Posted On 06 Sep 2019

A little over a year ago, the Productive Development Law opened the possibility of gradually reviewing the currency outflow tax (ISD), however, the rate has not yet been modified.

The rule established, in its second general provision, that the President of the Republic may be based on the conditions of public finances and balance of payments, gradually reduce the ISD rate, with prior favorable opinion from the Ministry of Economy.

Recently consulted on this issue, the Minister of Production, Iván Ontaneda, confirmed that there could be a progressive decrease in the tax. “We are analyzing, what happens is that the numbers are not so easy,” he said.

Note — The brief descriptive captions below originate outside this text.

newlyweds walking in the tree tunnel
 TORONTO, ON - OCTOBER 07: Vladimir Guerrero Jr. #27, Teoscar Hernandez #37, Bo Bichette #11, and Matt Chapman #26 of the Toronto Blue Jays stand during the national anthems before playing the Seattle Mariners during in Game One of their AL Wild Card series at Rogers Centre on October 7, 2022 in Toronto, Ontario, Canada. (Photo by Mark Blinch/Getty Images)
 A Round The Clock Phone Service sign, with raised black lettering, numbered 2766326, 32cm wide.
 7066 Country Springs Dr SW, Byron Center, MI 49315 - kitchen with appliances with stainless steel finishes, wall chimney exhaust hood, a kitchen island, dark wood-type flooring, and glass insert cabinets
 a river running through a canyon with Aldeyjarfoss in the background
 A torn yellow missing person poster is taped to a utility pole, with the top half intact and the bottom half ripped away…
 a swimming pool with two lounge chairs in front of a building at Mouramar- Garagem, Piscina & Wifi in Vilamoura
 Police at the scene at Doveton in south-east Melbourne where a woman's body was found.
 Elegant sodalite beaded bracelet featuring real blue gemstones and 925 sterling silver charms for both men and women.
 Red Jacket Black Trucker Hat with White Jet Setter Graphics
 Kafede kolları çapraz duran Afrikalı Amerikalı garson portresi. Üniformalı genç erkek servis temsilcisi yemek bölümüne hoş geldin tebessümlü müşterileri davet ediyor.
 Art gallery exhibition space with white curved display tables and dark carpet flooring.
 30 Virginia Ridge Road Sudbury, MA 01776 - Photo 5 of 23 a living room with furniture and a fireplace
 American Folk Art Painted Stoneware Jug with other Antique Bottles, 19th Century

Government priorities have changed against this issue in recent months.

In the letter of intent that Ecuador sent last March 1 to the International Monetary Fund (IMF), as a prelude to the financing agreement, the Minister of Economy, Richard Martinez, stated the purpose of “gradually starting to eliminate the distorting tax on currency outflow, once we have regained macroeconomic stability and strengthened the position of reserves. ”

However, in the IMF report of July 2019, the authorities talk about preparing studies on the progressive elimination of the tax and do not specify when the eventual measure would take place. Business associations advocate the withdrawal of the tax.

After VAT and income tax, the ISD is the third item that collects the Internal Revenue Service (SRI). In 2018, it generated USD 1 206 million. Since 2012, the ISD rate has remained at 5%. Taxes on transfers or money transfers abroad.